PPI Principles is a one page unofficial document, which Reinier Bakels set forth in a reaction to the attempts to ratify the so called Pirate Manifesto.
- The purpose of the „Pirate“ movement is to strive for a balanced public information and culture policy in the Information Age. „Information policy“ includes (but is not necessarily limited to):
- So-called „intellectual property“: copyright, patent law, trademark law etc.
- Privacy in the broadest sense of the word.
- The problem is the lack of balance in the political process:
- „Intellectual property“ policy presently is geared almost exclusively to the interests of the potential rights owners, instead of the general interest, for purposes such as the promotion of culture and innovation.
- Privacy is unduly sacrificed for safety and law enforcement purposes.
- The method of the Pirate movement is to politicise these issues, and to strive for a proper political representation of interests in order to restore the balance of arguments on these issues.
- Politics require a practical approach, geared towards decision making.
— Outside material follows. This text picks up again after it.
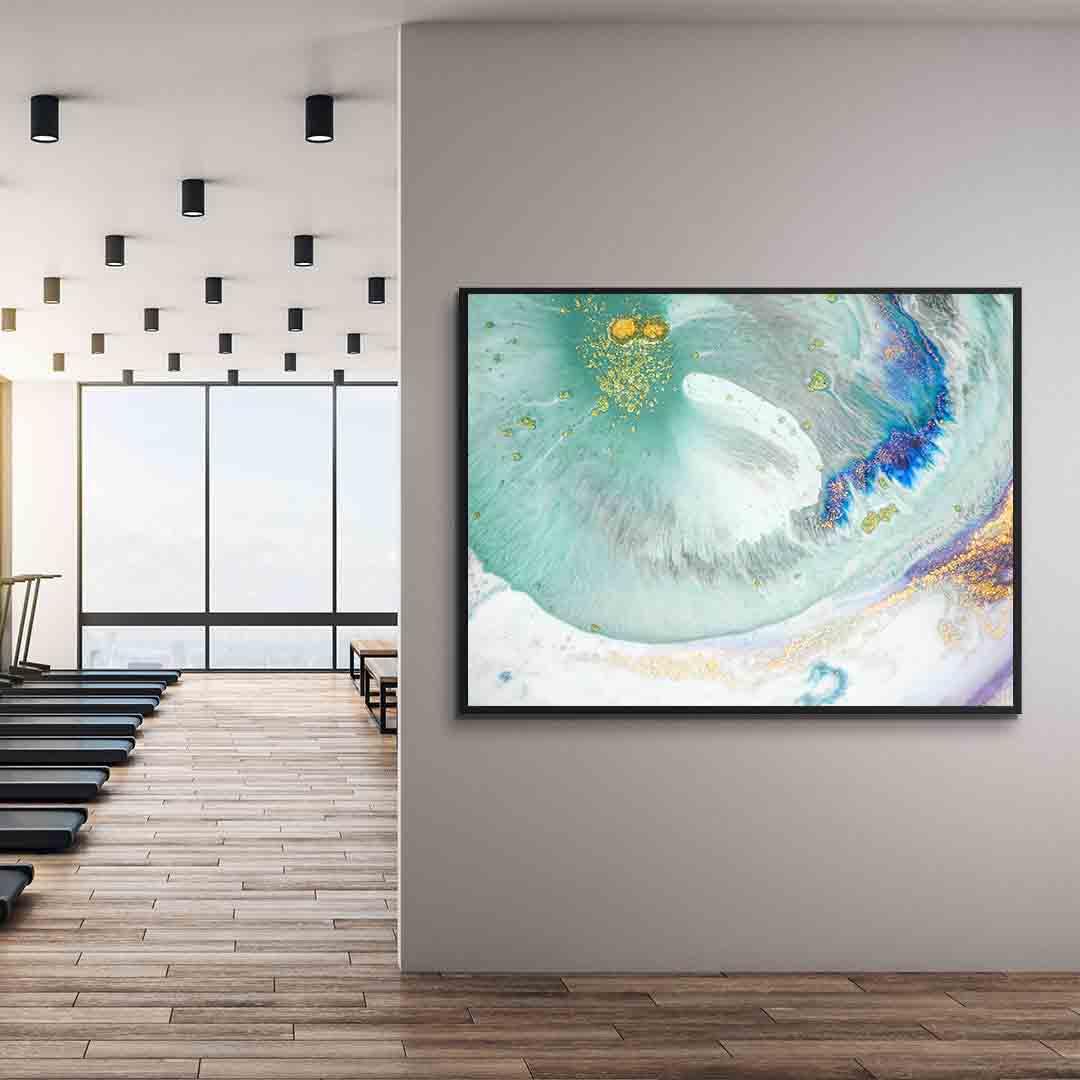 Canvas Painting - Marble Effect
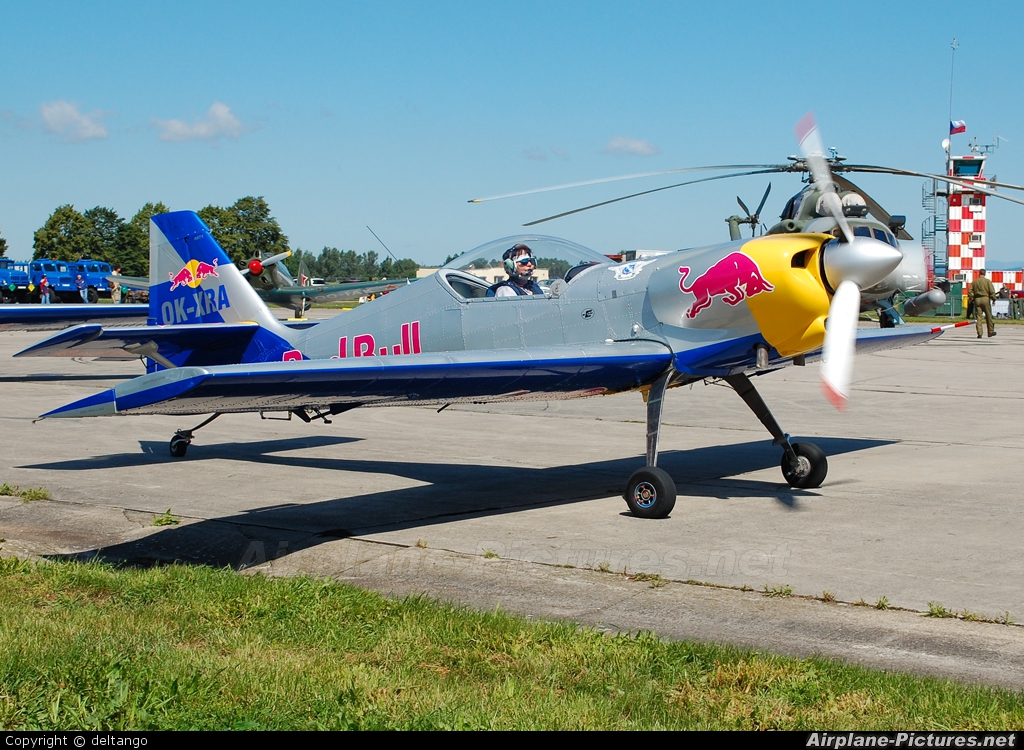 The Flying Bulls : Aerobatics Team OK-XRA aircraft at Hradec Králové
Coalitions and compromises are not excluded as a matter of principle, if only the policy can be improved in the direction desired by the Pirate movement.
- Presently, the general public may not be properly informed on the Pirate movement issues, if only due to persistent disinformation campaigns by opponents. So there should be a strong emphasis on educating the general public.
- Unlike some populist parties, Pirates do not question the present political system per se, but exploit it.
- Pirate Parties should foster the highest level of political ethics. Their opinions may (and will) be considered unusual, but should always be seen as reasonable, realistic, and „decent“. Ethics are an important asset against opponents who do not observe ethics, or make false ethics claims.